--- Data extract Enclosed Below ---
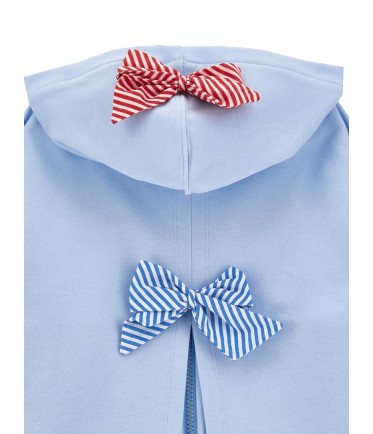 СПОРТИВНЫЙ КОСТЮМ MONNALISA BIMBA 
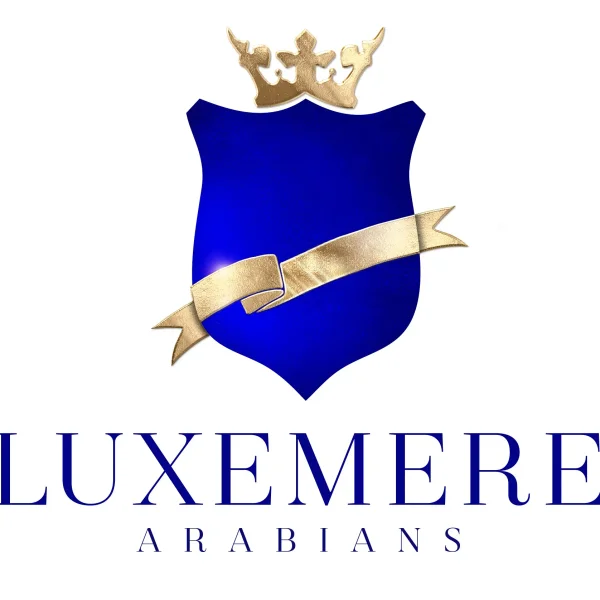 Luxemere Arabians
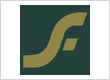 Security Federal Bank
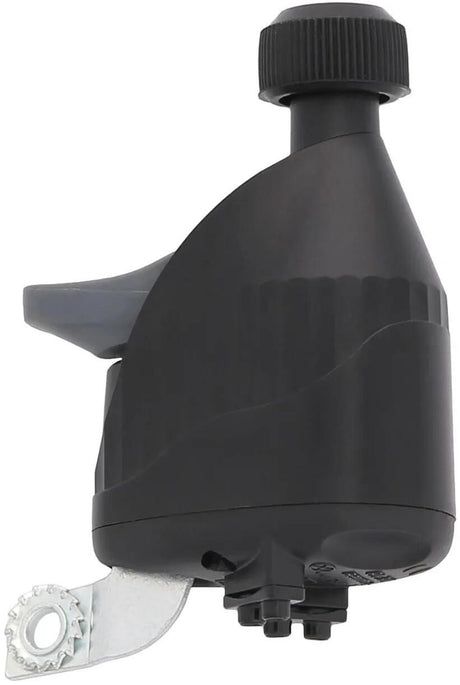 Contec Dynamo DL-120 CT Dynamo DL-120 rechts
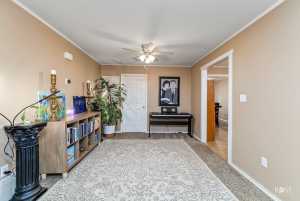 2024 Conchita Ave (6)
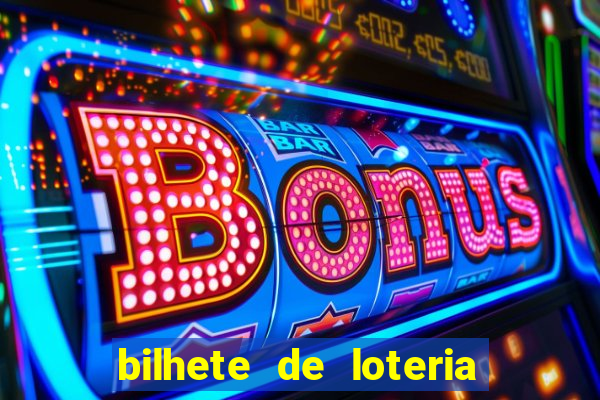 bilhete de loteria filme dublado completo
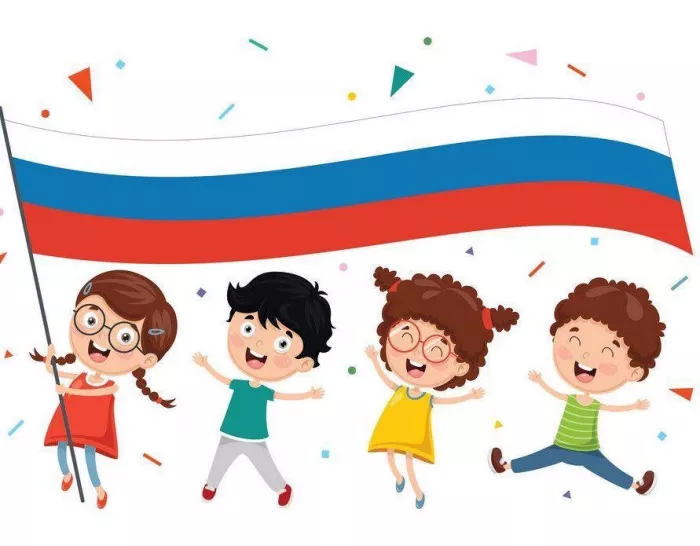 Частный детский сад Радуга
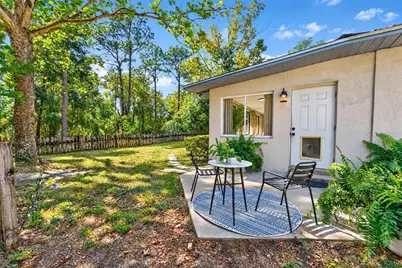 15164 S Country Club Drive, Williston, FL 32696 - Photo 64
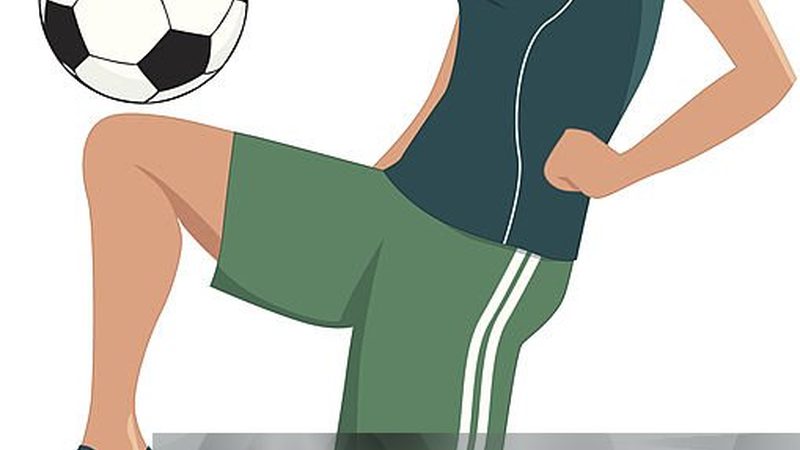 揭秘计划书代写行业：如何识别真正的行业佼佼者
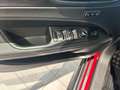Alfa Romeo Stelvio 2.0 Turbo 16V Super Q4 ACC Navi SHZ Kam. Rot - thumbnail 14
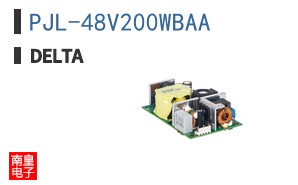 PJL-48V200WBAA ͼƬ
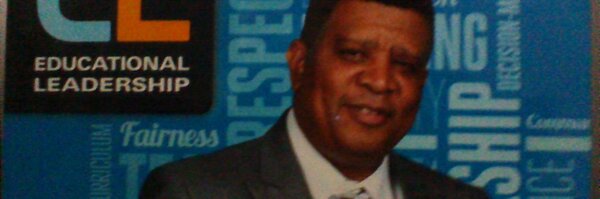 eevans5686 Profile Banner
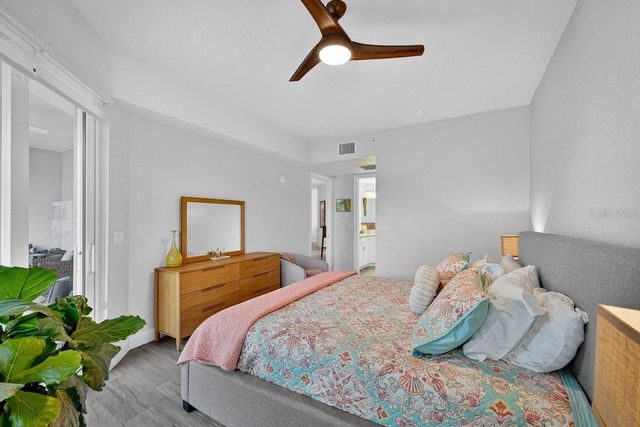 3 RIVERWALK DRIVE 202, New Smyrna Beach, FL 32169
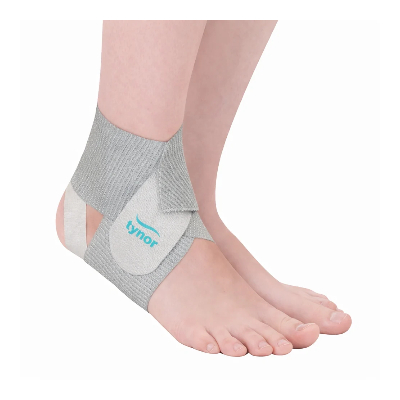 Ankle Warp S+M+L+Xl+Xxl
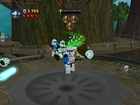 Lego star wars I : Le jeu vidéo - partie 7 [HD][PC]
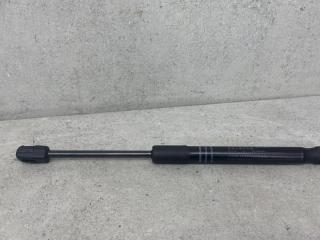 амортизатор капота BMW 5 серия F07/F10/F11 (2009 - 2013), 51717216978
--- End of Enclosed Data extract ---
◆ Assigned task ◆
Repeat word for word, and nothing more, the lines between the line containing "15164 S Country" and the last line of the records above, inclusive, without pictures.

◆ Answer to the exercise ◆
 15164 S Country Club Drive, Williston, FL 32696 - Photo 64
 揭秘计划书代写行业：如何识别真正的行业佼佼者
Alfa Romeo Stelvio 2.0 Turbo 16V Super Q4 ACC Navi SHZ Kam. Rot - thumbnail 14
 PJL-48V200WBAA ͼƬ
 eevans5686 Profile Banner
 3 RIVERWALK DRIVE 202, New Smyrna Beach, FL 32169
 Ankle Warp S+M+L+Xl+Xxl
 Lego star wars I : Le jeu vidéo - partie 7 [HD][PC]
 амортизатор капота BMW 5 серия F07/F10/F11 (2009 - 2013), 51717216978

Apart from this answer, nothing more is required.